De plus la « théorie de l’agir communicationnel » permet d’induire qu’en observant le comportement d’autrui (pair singulier ou pluriel) le sujet entre en apprentissage, puis s’autorise à maîtriser les éléments constitutifs, remarquables et utiles, de ce comportement et en assumer les conséquences pour lui. Chacun peut en profiter et gagner une volonté de s’investir à son tour, développer un sentiment d’auto-efficacité qui accroît la motivation (si mon voisin peut réussir, je le peux aussi) et qui diminue la portée d’échecs personnels futurs (Bandura, 2003, p. 136). Autre intérêt, le gain de temps puisqu’on profite des essais/erreurs d’autrui (Robert, 1970, p. 530) et d’un auto-étayage (Bruner, 1990).

2.3 Interprétation

2.3.1 L’apprenant habite l’espace… éducatif?

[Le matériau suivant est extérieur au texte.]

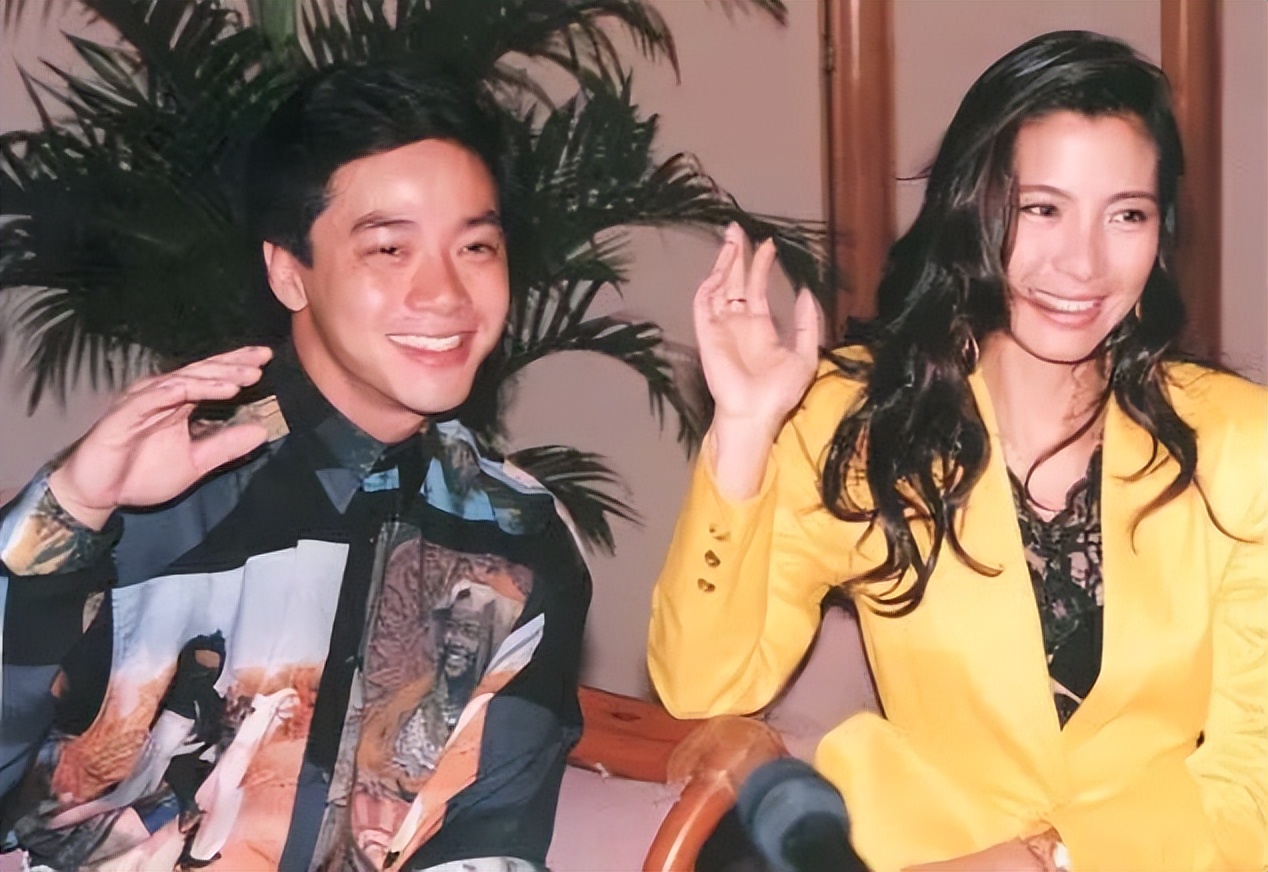 杨紫琼巴黎赏秀与未婚夫出席活动,杨紫琼霸气金球奖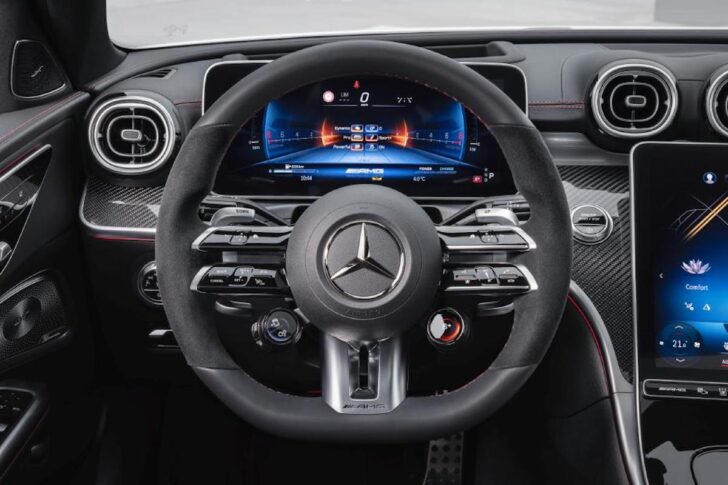 Интерьер Mercedes-AMG C43. Фото Mercedes-Benz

Ainsi, l’imitation n’est pas duplication; il ne s’agit pas d’enfermer l’autre dans la reproduction à l’identique et à la copie mais de lui faire entrevoir un espace qui est le sien pour construire ce que nul n’a fait avant lui et ne peut faire pour lui. La notion d’interprétation apparaît alors, qui permet de mieux comprendre le processus. Bachelard dans son introduction à la « Poétique de l’espace », (Bachelard, 1957) parle de topophilie, amour des lieux, pour spécifier un espace occupé comme ayant une portée sociale, dans lequel les investissements sont possibles, et promis à la satisfaction et la réussite. Sans prétendre que toute occupation de l’espace d’apprentissage renvoie à un « espace heureux », il est à notre avis intéressant de relier cette notion, peu connue et peu utilisée dans les démonstrations habituelles sur les contextes et théories de l’apprentissage, pour en faire, après Bachelard, une des conditions premières pour la construction d’un espace revendiqué comme éducatif. Ainsi, l’adulte pourrait se retrouver, par le bénéfice de la FPC à laquelle il participe dans cet espace de réalisation de soi, et de positivité. Ceci n’étant a priori qu’une promesse, considérons la topophilie comme une utopie. U-topie, c’est-à-dire non-lieu, mais ouvert à son évolution et à sa transformation en τόπος- topos réunissant les qualités attribuées à l’amour (φιλος — philos) du bien et du beau (καλoς καi αγαθός- kalos kai agathos), lieu où l’on est bien lorsqu’il s’y est passé quelque chose de bénéfique et de bienfaisant ou de bienveillant. C’est-à-dire un non-lieu, tant qu’il n’y est pas et un lieu où l’on est bien lorsqu’il s’est passé quelque chose.

Par ailleurs, cet espace est occupé selon des modalités et des postures différentes, qui entraineront des formes d’expressivité variant selon les conditions et les contextes d’apprentissage. Ces dernières peuvent être analysées comme des réponses aux dispositions prises pour favoriser cet apprentissage, le mobiliser et l’entretenir. Elles seront inhérentes à l’intention du dispositif de formation de l’adulte, aux attentes, mais également au degré de performativité des discours et injonctions énoncées et perçues.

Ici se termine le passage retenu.